No entanto, não protegem da discriminação sexual: as mulheres tendem a permanecer no trabalho industrial, mesmo que em condições mais instáveis, mais precárias, deterioradas. O aumento da participação feminina no mercado de trabalho, no emprego industrial, é concomitante ao crescimento do trabalho em tempo parcial imposto, do trabalho temporário e dos contratos de duração determinada. As pesquisas nas indústrias manufatureiras foram somadas aos resultados referentes a outros setores e informaram a imbricação entre trabalho profissional e trabalho doméstico, produção e reprodução, bem como a importância das relações sociais de sexo nas formas de racionalização do trabalho.
Ao desconstruir o que poderia ser denominado uma "nova divisão sexual do trabalho", Helena Hirata afirma que o crescimento da participação da mulher no trabalho recria desigualdades, assimetrias, hierarquias, que permanecem relevantes na eficácia dos processos produtivos.

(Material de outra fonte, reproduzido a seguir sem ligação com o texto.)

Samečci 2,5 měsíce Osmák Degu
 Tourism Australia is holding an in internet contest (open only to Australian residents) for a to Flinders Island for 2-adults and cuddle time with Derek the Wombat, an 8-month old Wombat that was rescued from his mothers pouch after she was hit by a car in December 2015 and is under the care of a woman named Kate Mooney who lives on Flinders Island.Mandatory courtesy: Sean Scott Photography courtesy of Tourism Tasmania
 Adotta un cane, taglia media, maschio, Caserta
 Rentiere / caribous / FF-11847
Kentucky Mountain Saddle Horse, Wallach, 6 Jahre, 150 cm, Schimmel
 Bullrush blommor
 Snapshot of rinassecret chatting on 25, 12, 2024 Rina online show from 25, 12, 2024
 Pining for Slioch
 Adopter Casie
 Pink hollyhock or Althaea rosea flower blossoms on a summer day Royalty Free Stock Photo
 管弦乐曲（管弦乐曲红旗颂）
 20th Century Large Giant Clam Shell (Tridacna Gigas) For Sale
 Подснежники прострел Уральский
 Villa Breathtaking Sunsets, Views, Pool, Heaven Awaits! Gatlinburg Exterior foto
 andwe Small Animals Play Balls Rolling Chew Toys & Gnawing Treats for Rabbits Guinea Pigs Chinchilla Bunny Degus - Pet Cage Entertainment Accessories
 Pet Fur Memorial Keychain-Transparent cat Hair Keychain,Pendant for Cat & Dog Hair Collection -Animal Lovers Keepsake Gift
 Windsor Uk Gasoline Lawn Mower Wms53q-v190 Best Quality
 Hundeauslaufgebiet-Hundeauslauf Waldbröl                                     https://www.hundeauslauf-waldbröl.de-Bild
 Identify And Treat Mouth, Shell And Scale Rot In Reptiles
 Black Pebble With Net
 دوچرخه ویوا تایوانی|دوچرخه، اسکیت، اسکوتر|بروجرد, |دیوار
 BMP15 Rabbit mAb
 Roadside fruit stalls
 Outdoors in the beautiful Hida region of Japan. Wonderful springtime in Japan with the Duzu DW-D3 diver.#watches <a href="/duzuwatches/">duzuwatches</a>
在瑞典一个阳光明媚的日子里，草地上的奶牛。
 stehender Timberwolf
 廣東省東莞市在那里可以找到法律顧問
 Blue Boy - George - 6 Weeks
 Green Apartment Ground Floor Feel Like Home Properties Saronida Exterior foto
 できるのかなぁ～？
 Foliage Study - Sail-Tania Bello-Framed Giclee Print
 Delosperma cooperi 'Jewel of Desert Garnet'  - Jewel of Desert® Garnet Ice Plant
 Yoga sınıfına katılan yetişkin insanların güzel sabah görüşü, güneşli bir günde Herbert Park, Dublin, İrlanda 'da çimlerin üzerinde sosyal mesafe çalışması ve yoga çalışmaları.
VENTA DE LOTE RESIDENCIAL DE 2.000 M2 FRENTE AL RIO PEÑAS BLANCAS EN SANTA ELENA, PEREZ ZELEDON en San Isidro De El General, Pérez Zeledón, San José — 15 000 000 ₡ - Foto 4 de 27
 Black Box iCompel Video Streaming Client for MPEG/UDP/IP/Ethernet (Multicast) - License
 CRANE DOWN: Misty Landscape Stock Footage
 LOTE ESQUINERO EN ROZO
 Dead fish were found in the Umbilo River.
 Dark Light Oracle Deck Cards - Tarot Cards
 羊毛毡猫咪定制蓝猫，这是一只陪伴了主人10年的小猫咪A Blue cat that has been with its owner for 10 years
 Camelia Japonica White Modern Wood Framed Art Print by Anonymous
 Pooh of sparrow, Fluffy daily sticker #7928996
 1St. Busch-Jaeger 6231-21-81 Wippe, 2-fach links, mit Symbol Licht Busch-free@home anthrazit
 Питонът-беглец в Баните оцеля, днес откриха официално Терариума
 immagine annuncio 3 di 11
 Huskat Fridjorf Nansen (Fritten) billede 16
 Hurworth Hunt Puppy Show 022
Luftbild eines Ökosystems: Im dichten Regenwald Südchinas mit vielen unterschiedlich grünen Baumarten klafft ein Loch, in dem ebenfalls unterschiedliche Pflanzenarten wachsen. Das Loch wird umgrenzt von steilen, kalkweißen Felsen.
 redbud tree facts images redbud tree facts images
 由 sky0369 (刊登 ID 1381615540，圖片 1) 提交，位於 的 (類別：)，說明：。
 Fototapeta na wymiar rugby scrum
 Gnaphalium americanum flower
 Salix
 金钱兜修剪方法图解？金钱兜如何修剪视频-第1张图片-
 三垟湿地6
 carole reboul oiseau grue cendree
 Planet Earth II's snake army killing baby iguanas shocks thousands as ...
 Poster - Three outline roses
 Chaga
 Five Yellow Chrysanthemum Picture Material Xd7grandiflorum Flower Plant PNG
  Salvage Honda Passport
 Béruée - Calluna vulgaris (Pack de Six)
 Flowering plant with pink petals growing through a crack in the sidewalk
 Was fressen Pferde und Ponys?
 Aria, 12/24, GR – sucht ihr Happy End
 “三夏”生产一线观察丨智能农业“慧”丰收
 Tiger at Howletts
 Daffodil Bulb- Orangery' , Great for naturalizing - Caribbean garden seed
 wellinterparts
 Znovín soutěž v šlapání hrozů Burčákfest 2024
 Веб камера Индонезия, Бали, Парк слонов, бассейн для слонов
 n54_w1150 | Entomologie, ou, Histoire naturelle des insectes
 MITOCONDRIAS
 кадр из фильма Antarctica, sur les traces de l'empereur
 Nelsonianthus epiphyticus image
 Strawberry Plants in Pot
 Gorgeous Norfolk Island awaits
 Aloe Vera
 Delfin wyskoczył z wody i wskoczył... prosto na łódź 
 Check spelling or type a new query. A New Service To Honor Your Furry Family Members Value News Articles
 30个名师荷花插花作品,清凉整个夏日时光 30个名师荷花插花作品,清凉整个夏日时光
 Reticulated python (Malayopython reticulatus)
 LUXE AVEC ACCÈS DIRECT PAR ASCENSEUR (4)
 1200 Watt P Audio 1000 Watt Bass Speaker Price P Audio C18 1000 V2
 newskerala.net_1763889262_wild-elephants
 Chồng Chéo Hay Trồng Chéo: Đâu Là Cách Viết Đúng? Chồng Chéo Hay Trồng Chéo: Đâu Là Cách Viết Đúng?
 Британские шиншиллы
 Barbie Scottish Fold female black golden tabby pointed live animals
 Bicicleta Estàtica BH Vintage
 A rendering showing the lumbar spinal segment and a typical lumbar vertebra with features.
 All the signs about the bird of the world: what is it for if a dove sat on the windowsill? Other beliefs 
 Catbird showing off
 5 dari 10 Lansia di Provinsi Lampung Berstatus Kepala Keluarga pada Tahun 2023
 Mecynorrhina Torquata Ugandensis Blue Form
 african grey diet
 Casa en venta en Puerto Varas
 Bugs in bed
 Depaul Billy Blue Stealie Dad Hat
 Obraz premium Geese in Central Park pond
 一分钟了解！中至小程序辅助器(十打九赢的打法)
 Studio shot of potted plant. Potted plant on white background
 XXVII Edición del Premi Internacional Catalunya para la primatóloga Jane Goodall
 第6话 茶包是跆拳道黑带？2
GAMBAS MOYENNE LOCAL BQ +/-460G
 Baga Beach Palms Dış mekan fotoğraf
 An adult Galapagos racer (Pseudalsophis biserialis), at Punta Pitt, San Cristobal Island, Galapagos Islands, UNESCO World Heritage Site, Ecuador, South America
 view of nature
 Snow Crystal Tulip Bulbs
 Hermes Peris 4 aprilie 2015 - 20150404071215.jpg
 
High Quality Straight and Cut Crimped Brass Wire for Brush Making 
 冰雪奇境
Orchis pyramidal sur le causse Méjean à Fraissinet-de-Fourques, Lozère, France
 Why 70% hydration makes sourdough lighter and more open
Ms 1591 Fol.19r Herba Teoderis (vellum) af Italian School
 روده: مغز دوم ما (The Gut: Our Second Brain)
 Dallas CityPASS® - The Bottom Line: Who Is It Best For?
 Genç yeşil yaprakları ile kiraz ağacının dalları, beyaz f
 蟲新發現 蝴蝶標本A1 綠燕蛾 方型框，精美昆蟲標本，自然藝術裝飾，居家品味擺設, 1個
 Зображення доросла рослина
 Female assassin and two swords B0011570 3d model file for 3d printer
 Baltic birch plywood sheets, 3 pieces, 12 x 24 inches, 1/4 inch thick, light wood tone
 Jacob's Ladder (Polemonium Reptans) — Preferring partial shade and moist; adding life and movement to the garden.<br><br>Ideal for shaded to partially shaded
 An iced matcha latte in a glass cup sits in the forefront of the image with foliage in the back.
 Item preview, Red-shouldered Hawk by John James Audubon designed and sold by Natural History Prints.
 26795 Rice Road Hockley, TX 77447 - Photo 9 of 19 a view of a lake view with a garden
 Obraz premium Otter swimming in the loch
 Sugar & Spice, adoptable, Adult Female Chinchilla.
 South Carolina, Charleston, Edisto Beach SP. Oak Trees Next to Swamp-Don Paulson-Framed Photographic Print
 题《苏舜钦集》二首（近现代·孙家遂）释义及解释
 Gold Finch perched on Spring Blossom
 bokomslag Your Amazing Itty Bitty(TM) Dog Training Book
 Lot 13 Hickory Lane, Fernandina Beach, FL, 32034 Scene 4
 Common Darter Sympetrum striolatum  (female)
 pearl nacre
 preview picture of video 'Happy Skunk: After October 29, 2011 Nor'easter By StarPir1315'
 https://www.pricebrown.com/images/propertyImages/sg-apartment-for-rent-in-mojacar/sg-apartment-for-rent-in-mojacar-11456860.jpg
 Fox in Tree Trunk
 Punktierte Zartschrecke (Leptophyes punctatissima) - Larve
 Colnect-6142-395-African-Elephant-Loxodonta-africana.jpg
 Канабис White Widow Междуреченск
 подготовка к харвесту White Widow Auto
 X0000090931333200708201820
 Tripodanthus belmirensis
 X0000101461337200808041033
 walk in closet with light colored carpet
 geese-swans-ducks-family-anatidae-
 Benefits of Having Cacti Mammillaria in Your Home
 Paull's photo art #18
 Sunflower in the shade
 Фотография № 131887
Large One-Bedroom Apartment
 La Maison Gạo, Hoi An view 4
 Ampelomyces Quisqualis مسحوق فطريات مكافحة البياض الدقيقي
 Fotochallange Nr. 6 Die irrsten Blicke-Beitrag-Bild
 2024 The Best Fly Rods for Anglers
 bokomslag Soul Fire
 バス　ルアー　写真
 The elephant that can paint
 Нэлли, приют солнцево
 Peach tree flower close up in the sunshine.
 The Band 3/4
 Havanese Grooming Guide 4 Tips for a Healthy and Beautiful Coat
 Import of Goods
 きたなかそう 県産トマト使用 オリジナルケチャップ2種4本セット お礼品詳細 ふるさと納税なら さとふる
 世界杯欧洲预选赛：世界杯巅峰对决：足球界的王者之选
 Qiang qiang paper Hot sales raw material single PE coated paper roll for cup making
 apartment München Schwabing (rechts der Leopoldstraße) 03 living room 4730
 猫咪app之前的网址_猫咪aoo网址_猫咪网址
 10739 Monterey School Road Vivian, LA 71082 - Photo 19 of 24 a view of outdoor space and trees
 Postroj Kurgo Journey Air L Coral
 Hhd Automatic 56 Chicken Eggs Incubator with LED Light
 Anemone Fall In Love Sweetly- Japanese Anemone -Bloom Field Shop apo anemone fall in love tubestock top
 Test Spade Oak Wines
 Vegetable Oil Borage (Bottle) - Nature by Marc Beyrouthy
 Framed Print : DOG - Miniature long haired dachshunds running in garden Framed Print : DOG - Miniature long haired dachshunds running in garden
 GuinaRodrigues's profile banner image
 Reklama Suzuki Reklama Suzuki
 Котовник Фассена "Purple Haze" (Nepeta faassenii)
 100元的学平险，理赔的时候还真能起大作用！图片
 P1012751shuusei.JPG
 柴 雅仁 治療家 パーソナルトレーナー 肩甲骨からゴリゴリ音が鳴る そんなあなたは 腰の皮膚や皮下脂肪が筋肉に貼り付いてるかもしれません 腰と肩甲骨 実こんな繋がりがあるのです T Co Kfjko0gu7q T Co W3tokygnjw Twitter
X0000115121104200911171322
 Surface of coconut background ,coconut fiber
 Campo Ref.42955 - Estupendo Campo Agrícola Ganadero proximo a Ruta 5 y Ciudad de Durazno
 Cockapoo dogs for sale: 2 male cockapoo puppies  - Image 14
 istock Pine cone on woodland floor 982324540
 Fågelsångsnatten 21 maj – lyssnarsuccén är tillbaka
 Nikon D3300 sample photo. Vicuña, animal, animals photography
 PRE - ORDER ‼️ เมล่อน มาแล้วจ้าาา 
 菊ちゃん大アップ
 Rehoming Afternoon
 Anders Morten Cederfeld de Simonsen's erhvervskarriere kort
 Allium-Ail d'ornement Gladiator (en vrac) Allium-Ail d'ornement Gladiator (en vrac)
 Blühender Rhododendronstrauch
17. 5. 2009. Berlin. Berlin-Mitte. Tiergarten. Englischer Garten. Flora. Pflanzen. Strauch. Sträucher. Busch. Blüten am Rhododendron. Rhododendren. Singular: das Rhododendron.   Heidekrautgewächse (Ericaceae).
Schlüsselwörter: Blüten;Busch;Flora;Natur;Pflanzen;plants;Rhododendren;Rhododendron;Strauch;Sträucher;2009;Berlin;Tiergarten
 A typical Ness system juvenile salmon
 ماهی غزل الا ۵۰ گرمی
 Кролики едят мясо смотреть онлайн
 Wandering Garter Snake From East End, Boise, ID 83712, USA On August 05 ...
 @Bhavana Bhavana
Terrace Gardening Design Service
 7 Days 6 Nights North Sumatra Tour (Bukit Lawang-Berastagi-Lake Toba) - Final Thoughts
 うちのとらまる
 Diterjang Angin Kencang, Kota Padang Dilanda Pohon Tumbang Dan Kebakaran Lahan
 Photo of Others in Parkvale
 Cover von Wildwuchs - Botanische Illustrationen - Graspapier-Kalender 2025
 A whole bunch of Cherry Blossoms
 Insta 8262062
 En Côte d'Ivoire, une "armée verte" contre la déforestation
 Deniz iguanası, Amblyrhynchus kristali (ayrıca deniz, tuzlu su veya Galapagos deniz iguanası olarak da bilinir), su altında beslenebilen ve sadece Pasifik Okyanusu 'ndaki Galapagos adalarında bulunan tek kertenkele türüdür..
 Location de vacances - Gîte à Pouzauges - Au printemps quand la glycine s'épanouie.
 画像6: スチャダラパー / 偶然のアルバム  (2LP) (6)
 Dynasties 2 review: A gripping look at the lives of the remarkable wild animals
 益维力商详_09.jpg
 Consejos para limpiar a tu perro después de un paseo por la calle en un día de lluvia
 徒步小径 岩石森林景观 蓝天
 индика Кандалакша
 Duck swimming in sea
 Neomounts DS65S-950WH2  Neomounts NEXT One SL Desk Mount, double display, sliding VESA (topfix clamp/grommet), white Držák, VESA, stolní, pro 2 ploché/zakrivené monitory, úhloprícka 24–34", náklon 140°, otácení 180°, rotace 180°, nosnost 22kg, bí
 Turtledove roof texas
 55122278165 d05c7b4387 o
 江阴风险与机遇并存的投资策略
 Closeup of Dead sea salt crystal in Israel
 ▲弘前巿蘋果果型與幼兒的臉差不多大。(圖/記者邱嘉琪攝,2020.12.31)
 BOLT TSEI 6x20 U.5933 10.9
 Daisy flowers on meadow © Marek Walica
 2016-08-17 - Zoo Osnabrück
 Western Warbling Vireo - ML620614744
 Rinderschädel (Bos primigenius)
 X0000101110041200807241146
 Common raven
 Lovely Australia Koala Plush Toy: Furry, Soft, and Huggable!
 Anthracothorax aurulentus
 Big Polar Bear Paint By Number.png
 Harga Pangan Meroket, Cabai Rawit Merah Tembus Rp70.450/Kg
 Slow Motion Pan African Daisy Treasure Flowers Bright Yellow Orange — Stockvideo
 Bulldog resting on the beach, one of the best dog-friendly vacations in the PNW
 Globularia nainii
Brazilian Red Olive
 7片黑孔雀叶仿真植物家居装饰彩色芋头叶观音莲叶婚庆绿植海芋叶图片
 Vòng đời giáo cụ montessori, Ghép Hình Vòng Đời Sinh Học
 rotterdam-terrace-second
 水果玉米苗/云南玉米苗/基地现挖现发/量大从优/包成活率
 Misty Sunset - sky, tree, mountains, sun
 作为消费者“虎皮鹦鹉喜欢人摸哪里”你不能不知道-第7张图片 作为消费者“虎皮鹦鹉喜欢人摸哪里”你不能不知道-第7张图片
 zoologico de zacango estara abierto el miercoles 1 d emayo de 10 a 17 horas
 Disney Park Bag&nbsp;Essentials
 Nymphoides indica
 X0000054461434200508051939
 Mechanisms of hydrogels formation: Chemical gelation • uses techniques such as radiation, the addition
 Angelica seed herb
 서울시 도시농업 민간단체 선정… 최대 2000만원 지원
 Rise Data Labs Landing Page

No entanto a autora salienta que raciocinar em termos de relações sociais de classe e de sexo significa buscar contradição, antagonismo e tensão entre grupos sociais, inserindo assim uma dinâmica que não se petrifica jamais.

Liliana Segnini é professora titular de sociologia do trabalho na Unicamp e autora, entre outros livros, de "Mulheres no Trabalho Bancário" (Edusp).